Beginning last year, mainstream reporters began kvetching about a rather brilliant tax strategy used by Google, Apple and hundreds of other technology firms. It’s been the path to survival for these companies. It relies on a feature of digital goods that would have otherwise been impossible with physical goods. Firms are setting up revenue-receiving subsidiaries in lower-tax states and countries as a means of lowering their overall tax liability.
The most-colorful tactic is called the Double Irish With a Dutch Sandwich. It involves setting up holding companies to receive profits in Ireland, where corporate taxation is 12.5%, and in the Netherlands, too, rather than the in the U.S., with its outrageous rates that can be above 35%, including state taxation. Another step is to create virtual corporate offices in states with no corporate taxation.
These tactics are saving Apple, for example, some $2.4 billion annually from being confiscated, according to a report in The New York Times. Wal-Mart and other physically bound companies can’t do this. “Technology giants have taken advantage of tax codes written for an industrial age and ill-suited to today’s digital economy.”
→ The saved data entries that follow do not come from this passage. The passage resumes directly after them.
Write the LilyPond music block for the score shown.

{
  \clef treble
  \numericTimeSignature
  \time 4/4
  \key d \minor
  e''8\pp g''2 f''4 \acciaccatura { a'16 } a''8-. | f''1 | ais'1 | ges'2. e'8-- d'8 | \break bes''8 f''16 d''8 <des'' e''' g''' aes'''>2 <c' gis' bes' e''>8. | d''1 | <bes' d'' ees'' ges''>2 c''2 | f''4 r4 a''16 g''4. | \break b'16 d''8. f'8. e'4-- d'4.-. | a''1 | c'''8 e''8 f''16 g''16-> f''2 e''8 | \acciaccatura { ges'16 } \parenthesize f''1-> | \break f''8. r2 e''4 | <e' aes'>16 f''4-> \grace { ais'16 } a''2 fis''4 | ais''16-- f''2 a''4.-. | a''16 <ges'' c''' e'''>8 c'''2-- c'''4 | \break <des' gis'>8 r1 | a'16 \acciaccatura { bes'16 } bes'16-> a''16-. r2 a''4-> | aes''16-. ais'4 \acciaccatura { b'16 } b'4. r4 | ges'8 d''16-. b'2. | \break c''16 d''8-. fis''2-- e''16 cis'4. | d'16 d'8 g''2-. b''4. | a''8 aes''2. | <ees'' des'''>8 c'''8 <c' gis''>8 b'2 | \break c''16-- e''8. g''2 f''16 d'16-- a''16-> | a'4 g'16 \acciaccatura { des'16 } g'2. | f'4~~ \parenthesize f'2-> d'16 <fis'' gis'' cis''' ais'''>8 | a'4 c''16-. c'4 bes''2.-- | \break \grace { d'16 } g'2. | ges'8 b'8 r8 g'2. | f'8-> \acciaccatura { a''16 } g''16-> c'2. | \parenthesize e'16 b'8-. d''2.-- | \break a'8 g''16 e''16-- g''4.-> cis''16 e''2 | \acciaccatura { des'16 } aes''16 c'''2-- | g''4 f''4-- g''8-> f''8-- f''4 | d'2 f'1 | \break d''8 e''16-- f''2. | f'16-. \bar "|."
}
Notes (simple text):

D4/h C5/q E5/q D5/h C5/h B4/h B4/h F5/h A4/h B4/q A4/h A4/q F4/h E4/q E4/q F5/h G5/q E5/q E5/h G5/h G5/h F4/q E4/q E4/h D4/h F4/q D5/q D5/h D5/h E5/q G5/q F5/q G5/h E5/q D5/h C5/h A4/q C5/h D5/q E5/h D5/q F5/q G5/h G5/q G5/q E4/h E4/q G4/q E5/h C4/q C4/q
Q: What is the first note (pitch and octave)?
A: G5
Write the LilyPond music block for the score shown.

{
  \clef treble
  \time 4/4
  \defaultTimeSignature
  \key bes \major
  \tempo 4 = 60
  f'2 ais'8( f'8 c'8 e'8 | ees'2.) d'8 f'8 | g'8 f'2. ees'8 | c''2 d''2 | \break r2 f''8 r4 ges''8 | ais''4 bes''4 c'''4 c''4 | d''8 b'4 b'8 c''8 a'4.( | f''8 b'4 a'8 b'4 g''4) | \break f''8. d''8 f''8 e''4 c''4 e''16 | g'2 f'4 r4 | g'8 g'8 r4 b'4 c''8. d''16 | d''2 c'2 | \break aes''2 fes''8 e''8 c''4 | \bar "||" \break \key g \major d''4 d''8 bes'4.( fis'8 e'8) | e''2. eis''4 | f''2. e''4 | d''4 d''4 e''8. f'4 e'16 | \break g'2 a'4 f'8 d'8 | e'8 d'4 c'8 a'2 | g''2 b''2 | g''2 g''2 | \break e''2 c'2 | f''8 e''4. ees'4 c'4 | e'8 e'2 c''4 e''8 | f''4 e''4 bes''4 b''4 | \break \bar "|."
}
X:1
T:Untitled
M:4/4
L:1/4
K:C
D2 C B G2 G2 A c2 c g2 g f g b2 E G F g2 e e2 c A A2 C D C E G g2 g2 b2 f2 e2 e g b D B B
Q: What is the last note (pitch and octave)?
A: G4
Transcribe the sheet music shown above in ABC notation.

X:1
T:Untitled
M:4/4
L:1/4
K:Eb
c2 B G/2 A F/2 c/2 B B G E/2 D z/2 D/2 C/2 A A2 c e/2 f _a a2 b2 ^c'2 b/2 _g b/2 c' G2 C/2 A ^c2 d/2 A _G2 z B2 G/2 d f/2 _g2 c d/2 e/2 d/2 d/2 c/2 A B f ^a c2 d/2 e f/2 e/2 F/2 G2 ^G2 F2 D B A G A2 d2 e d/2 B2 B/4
That is true enough, and this is true in many more ways, as well. Thank goodness the tax code is ill-suited for the digital economy; if it were suited, the digital economy would be far less advanced than it is!
It is precisely because so many features of digital economic life escape the anachronistic regulatory machine that the technology sector is booming while most everything else is breaking under the weight of government control.
Consider that the latest data on U.S. economic growth are pathetic — anemic!. And this is the stuff the government dishes out, which probably paints a prettier picture than the grim reality.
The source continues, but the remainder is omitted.